* Task goal *
Please repeat exactly the lines below from the one containing "Constantijn de Grote" down to the one containing "Image for Aron (56/102) (TM) - Pokemon", both included, and nothing else.

START Data under study

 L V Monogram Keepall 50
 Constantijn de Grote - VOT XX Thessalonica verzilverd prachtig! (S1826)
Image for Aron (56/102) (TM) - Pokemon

END Data under study
START Data under study

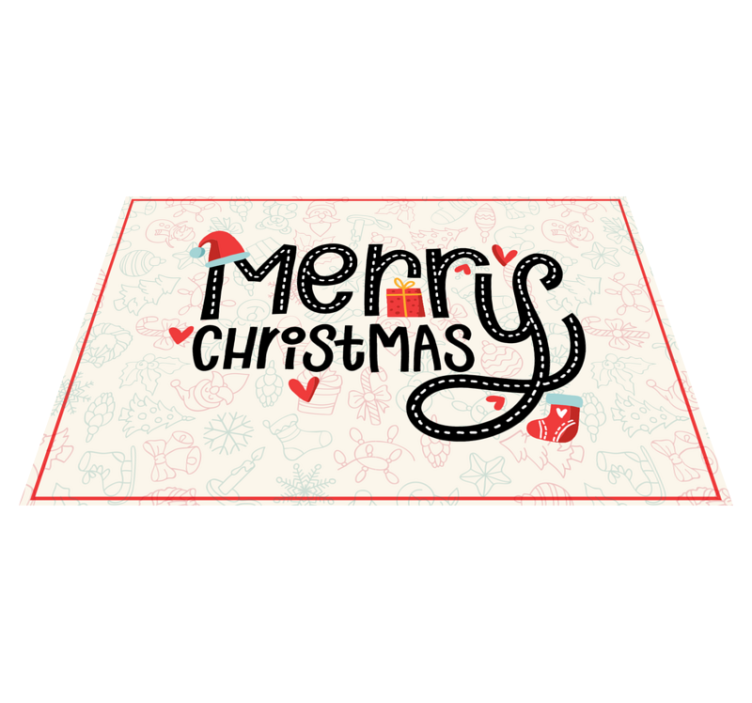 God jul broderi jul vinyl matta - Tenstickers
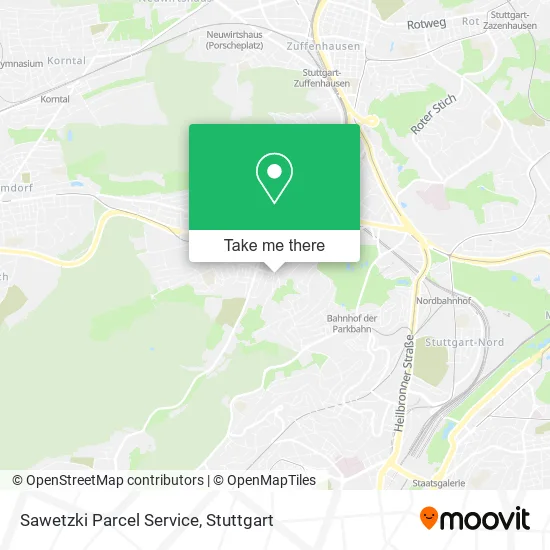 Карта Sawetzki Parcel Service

END Data under study

* Result for this task *
 Constantijn de Grote - VOT XX Thessalonica verzilverd prachtig! (S1826)
Image for Aron (56/102) (TM) - Pokemon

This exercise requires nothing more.